I’m a big fan of github, and I think it provides an excellent set of resources for hosting 3D printing projects. Recently I had the idea that it would be useful if these projects were able to utilise Github Pages to provide a project landing page, showing similar information to that found on Thingiverse.
It sounded like a fun little diversion so I threw together something called githubiverse. It currently consists of a Github Pages template: drop this into the gh-pages branch of any github project, add a little configuration, and your github pages will display the source files, STLs and any images, along with some other information. The beauty here is that the content is dynamically pulled from the github repository so it is always up to date.
The screenshot doesn’t do it justice so here is an example site: garyhodgson.github.com/githubiverse-tst. The project has a master branch which contains folders for source files, STLs and images. The project also has a gh-pages branch which contains the template. Within this, _config.yml contains the configuration parameters that allows the gh3 github api client to connect to github and pull the information. Because it’s dynamically generated it’s a little slower than a standard website, but I think it’s an acceptable compromise for always having the latest information.[Update: The way I have used Thingiview means that only ascii STL files are correctly displayed. I’ll see if I an find a way to also load binary STLs.]
To get an idea of how other projects might look I took a few screenshots (via locally running instances) for Nophead’s Mendel90 and Josef Prusa’s PrusaMendel:
There’s a few pros and cons to consider.
- + Free hosting of project site by github.
- + Easy to set up.
- + Always up-to-date.
- + Easy to change the look and feel to suit your needs.

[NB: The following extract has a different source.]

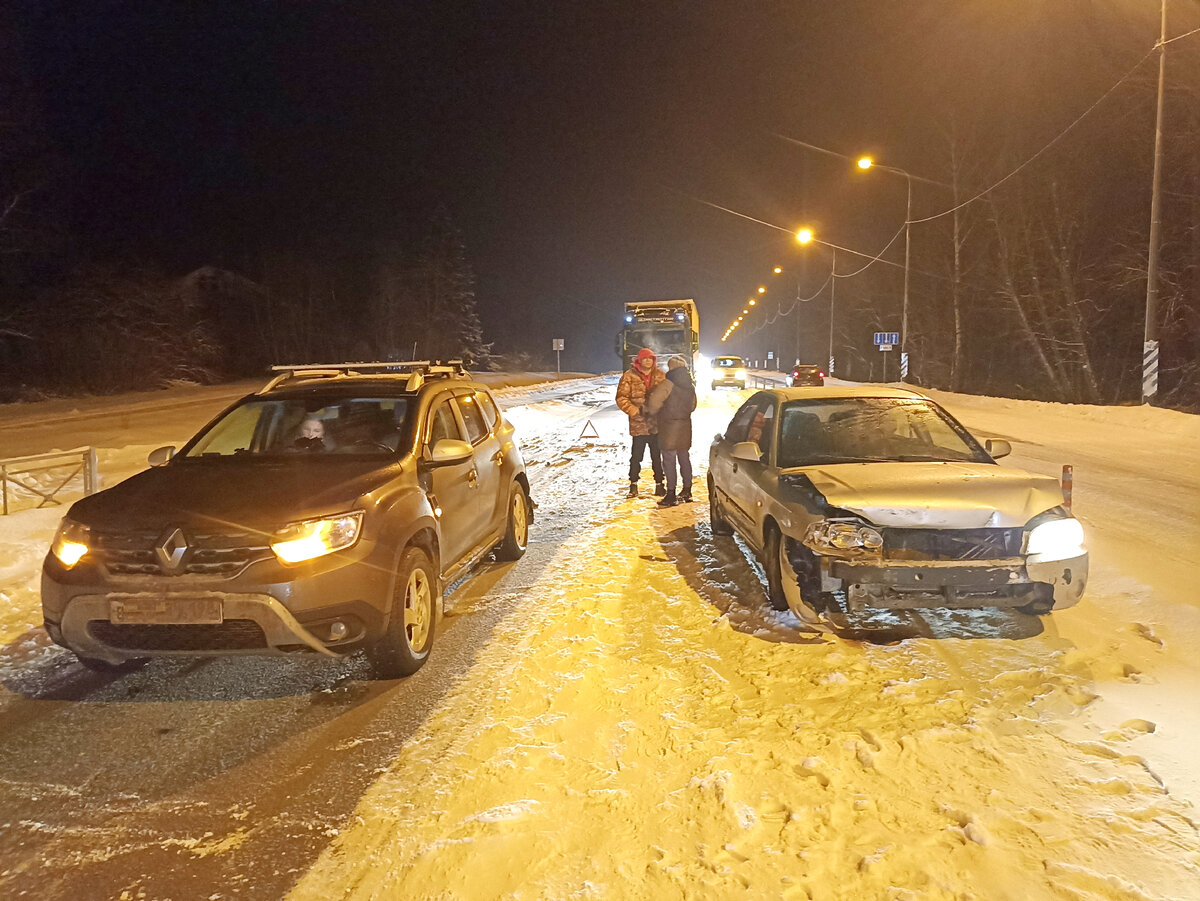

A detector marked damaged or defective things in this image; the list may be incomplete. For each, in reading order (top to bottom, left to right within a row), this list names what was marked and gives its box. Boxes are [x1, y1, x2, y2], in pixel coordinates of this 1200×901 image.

damaged silver sedan [705, 388, 1094, 628]
sedan crumpled hood [796, 465, 1070, 527]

- – Depends on Github, Github Pages and the API – any changes to the terms and conditions, or future availability, of these services could impact the site.
- – No search function, tags or commenting system (although this could be remedied).
An interesting advanced use case is the ability to use the same core template across many projects. You could fork the githubiverse-template project and edit the html/css as you wish. Then, in each project’s gh-page branch create a submodule referring to this fork. All that’s left would be to create a _config.yml file with the details in the root project gh-pages branch and an additional entry defining the source of the jekyll site as being the submodule folder. I’ve added details on how to do that in the project’s readme. The benefit of doing this is that each project can be updated solely through updating the template submodule. [Update: it seems I had forgotten to actually test this method when deployed to github, whilst it works locally via Jekyll it seems that github modifies the source folder settings during the build. Thanks to dzach for finding this out the hard way. I’ll see if there is a way around this as I feel having a shared template system would be quite useful.]
Another idea is to edit the template to utilise the blog aspect of jekyll. The Slic3r.org site runs on Github Pages and already does this to announce releases. The blog could be a development log, release history, or news section for example.
To address the search and discovery aspect I considered trying to implement some form of tracker service, whereby projects could register themselves and use the service for searching, browsing and tagging etc, also as a Github Pages site. However I realised that something like the RepRap Development Tracker would do the job perfectly well, as this is agnostic to where a project is hosted – it only categorises each entry and refers to the originating pages.
Development Tracker is currently tailored specifically for tracking reprap and 3D printing parts and projects, but it wouldn’t take much to make it more generic and suitable for tracking all sorts of projects. And of course the underlying software is open source, so anyone can fork and go!